§ Problem requirements: Report back every line of the entries that contains "because", exactly as written.

§ Dataset extract:
════

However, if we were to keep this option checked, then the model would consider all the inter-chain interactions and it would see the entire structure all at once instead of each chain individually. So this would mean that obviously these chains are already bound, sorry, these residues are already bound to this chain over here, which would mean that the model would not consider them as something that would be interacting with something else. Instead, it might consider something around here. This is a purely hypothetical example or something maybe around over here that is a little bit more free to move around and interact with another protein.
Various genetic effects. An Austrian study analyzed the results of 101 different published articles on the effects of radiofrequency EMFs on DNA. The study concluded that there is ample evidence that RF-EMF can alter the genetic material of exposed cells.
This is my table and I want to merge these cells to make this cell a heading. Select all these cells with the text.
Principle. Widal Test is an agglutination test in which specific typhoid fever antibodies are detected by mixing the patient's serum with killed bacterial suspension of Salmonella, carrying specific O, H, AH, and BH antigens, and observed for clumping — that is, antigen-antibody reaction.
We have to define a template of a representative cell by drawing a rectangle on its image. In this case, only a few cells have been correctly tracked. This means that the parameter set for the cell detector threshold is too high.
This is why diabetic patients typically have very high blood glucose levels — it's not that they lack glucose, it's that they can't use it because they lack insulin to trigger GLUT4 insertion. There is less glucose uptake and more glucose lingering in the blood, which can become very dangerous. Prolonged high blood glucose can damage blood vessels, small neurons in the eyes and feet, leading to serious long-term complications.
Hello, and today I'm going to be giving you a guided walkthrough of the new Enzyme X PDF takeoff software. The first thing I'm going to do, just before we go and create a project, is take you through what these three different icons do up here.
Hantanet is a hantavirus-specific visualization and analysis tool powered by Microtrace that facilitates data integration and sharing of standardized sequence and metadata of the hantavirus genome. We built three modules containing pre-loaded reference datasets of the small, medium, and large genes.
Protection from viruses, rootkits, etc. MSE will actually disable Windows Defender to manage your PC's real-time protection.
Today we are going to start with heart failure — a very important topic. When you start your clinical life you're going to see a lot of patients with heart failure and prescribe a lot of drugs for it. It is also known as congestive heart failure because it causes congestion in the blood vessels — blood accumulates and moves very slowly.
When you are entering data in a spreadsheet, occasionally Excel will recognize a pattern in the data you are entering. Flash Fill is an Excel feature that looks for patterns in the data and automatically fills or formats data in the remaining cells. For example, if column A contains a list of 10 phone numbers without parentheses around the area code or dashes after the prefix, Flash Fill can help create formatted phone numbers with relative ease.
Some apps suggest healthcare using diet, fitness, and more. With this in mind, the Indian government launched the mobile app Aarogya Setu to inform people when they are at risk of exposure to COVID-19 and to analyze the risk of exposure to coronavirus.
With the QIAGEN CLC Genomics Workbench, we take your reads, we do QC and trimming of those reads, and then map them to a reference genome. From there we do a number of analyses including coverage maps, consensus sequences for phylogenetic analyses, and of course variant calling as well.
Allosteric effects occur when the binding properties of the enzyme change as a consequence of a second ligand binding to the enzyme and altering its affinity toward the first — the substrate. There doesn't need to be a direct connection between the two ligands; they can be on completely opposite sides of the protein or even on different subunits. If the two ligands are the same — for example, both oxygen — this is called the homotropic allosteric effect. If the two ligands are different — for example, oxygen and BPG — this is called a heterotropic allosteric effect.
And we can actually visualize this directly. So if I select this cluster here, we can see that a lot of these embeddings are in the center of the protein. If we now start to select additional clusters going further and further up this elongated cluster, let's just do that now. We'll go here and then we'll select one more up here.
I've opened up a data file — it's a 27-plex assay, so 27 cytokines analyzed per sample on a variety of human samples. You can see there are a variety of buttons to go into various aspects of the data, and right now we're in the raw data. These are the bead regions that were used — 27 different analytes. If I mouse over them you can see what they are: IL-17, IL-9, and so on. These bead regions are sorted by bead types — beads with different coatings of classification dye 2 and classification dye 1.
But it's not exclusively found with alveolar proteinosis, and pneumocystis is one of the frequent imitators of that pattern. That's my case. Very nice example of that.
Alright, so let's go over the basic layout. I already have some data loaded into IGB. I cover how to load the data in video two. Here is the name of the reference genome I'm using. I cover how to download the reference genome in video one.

════

§ Solution for this problem:
This is why diabetic patients typically have very high blood glucose levels — it's not that they lack glucose, it's that they can't use it because they lack insulin to trigger GLUT4 insertion. There is less glucose uptake and more glucose lingering in the blood, which can become very dangerous. Prolonged high blood glucose can damage blood vessels, small neurons in the eyes and feet, leading to serious long-term complications.
Today we are going to start with heart failure — a very important topic. When you start your clinical life you're going to see a lot of patients with heart failure and prescribe a lot of drugs for it. It is also known as congestive heart failure because it causes congestion in the blood vessels — blood accumulates and moves very slowly.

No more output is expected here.